Summers, who is preparing to move from Los Angeles to Texas, said she can afford the visit because she has a decent job and only has herself to support — but she said she couldn’t fathom the costs for a family, especially if they needed to travel and stay at a hotel.
“I was just so shocked,” she said. “I couldn’t imagine the average working-class family being able to afford it.”
I don’t like Disney’s super expensive Star Wars-themed hotel “experience” for the same reason I didn’t like the original solid gold Apple Watches. Aside from it being a questionable value, it effectively shuts out the vast majority of people.
— Mighty Jabba (@mightyjabba) February 26, 2022
In an interview with CNBC last month, Chapek, the Disney CEO, said demand is driving those prices.
“We have a fixed supply and we commit to our guests to give them the absolute best Disney experience no matter when they come,” he said. “One of the ways that we do that is by taking those guests that want to have a more bespoke, more personalized, more customized, more expensive day and using that essentially to keep the lower prices on … the second Tuesday in September.”
Disney isn’t the only pricey entertainment game in town: The cheapest one-day ticket to Universal’s domestic theme parks in Orlando and Hollywood start at $109, the same entry-level price for Disney’s Florida parks and slightly higher than the cheapest ticket in California. The Comcast-owned company has been charging parkgoers to skip the ride lines for years.
Matt Heitzmann, 49, started visiting Disney World as a kid growing up in New Orleans; he later worked for the company for 12 years, including at Disney World in Florida and Disneyland Paris.
But after a visit with his wife and three children early last year, the Louisville man said the family’s Disney days are done.

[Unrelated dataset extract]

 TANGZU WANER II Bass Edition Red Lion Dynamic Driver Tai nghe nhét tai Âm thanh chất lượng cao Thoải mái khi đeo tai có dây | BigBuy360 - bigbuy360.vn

It’s not just the prices — though Heitzmann said the price of the deluxe hotel they splurged on felt like a “gut punch.” He said he feels like the company isn’t giving guests what they want, instead investing too much in technology that keeps people on their phones instead of delivering long-awaited rides on schedule.
Heitzmann also took issue with comments McCarthy made during an earnings call in November in response to a question about inflation. She said the company was considering reduced food portions, which she suggested could benefit people’s waistlines.

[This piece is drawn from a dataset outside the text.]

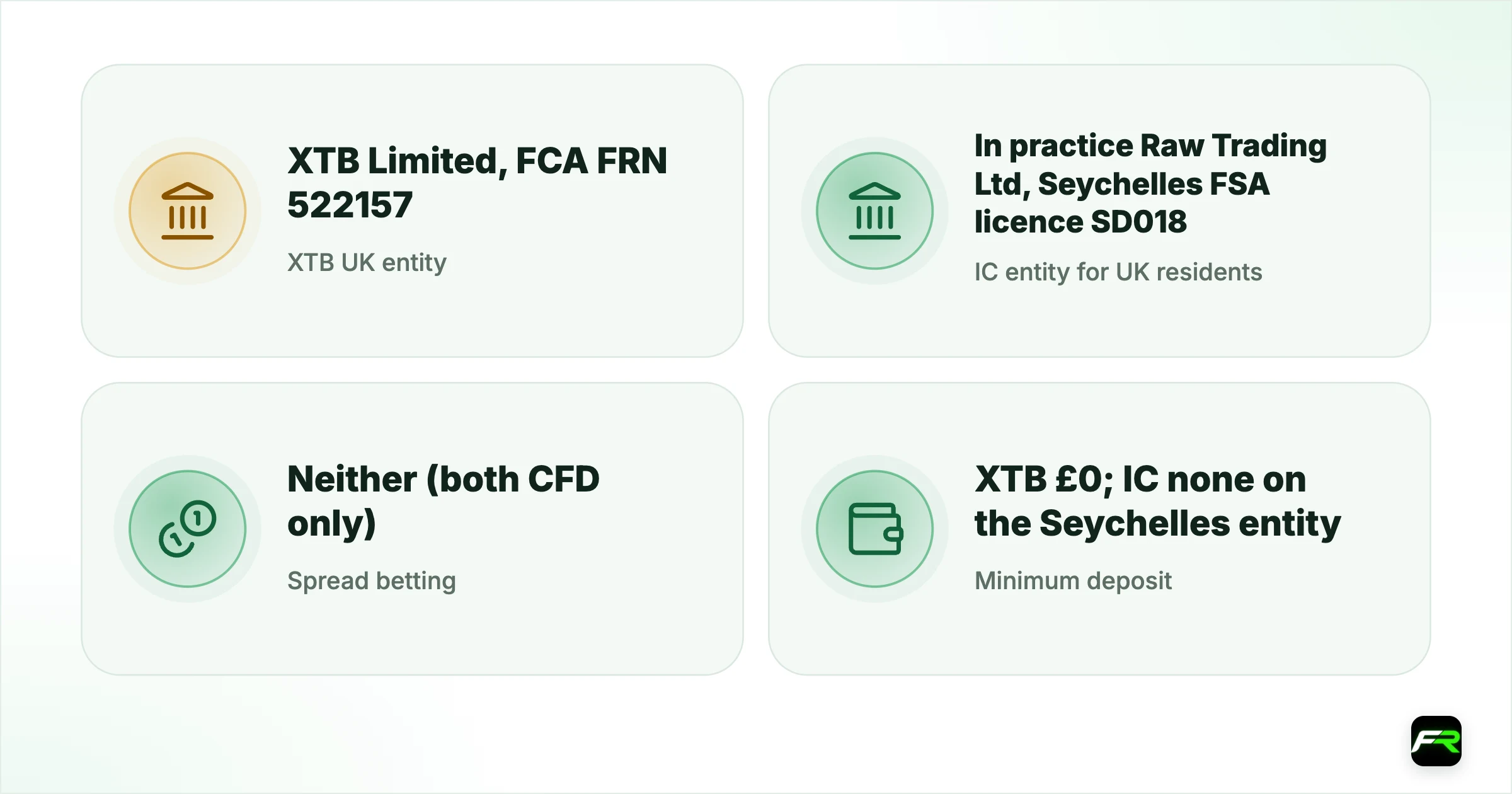 IC Markets vs XTB for UK Traders: Protection, Costs and Platforms. XTB UK entity: XTB Limited, FCA FRN 522157; IC entity for UK residents: In practice Raw Trading Ltd, Seychelles FSA licence SD018; Spread betting: Neither (both CFD only); Minimum deposit: XTB £0; IC none on the Seychelles entity; Max retail leverage, major FX: XTB 30:1; IC up to 1:5000 on MT4/MT5; Retail loss figure: XTB 74% (September 2026); IC Seychelles none published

“You admitted you’re going to price-gouge us,” Heitzmann said. “On top of that, you kick us in the teeth.”
For the Heitzmann family, future vacations will include national parks, museums and historic sites, and eventual trips to Universal theme parks. Heitzmann said he wants his children, who are 11, 7 and 3, to have a learning experience on vacation — like the Epcot park in Florida was meant to provide when it opened.
“Now we see it as the world is our Epcot,” he said. “Let’s go see real bears that don’t sing and trees that don’t talk.”